## EXERCISE AIM
Beginning with the line that holds "Tangodown Floorplate Removal Tool For Glock~" in the data below, give again every line through the one that holds "Supreme Court Agrees", exactly as written.

## PROVIDED ENTRIES

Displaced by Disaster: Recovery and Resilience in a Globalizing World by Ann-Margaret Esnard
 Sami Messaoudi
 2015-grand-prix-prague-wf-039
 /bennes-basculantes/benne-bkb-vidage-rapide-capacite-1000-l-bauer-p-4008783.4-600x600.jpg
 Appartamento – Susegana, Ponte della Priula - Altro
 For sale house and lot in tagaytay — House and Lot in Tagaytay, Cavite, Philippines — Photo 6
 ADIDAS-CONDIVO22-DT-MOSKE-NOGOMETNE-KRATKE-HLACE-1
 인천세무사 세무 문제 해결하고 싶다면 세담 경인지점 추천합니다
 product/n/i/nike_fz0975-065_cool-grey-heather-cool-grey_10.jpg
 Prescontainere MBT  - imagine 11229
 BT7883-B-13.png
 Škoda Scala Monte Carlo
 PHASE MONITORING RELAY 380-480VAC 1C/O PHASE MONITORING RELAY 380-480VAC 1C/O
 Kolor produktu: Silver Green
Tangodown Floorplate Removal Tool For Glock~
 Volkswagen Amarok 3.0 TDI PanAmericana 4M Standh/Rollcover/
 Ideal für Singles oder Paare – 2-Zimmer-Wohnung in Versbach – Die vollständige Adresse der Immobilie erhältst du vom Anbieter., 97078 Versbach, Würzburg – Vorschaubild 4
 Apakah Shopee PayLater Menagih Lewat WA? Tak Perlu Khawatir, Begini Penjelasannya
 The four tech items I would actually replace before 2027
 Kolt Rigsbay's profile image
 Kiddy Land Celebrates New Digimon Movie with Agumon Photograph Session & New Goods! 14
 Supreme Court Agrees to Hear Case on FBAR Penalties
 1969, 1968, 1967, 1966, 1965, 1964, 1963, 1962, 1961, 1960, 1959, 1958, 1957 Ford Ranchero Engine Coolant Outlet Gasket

## THE ANSWER
Tangodown Floorplate Removal Tool For Glock~
 Volkswagen Amarok 3.0 TDI PanAmericana 4M Standh/Rollcover/
 Ideal für Singles oder Paare – 2-Zimmer-Wohnung in Versbach – Die vollständige Adresse der Immobilie erhältst du vom Anbieter., 97078 Versbach, Würzburg – Vorschaubild 4
 Apakah Shopee PayLater Menagih Lewat WA? Tak Perlu Khawatir, Begini Penjelasannya
 The four tech items I would actually replace before 2027
 Kolt Rigsbay's profile image
 Kiddy Land Celebrates New Digimon Movie with Agumon Photograph Session & New Goods! 14
 Supreme Court Agrees to Hear Case on FBAR Penalties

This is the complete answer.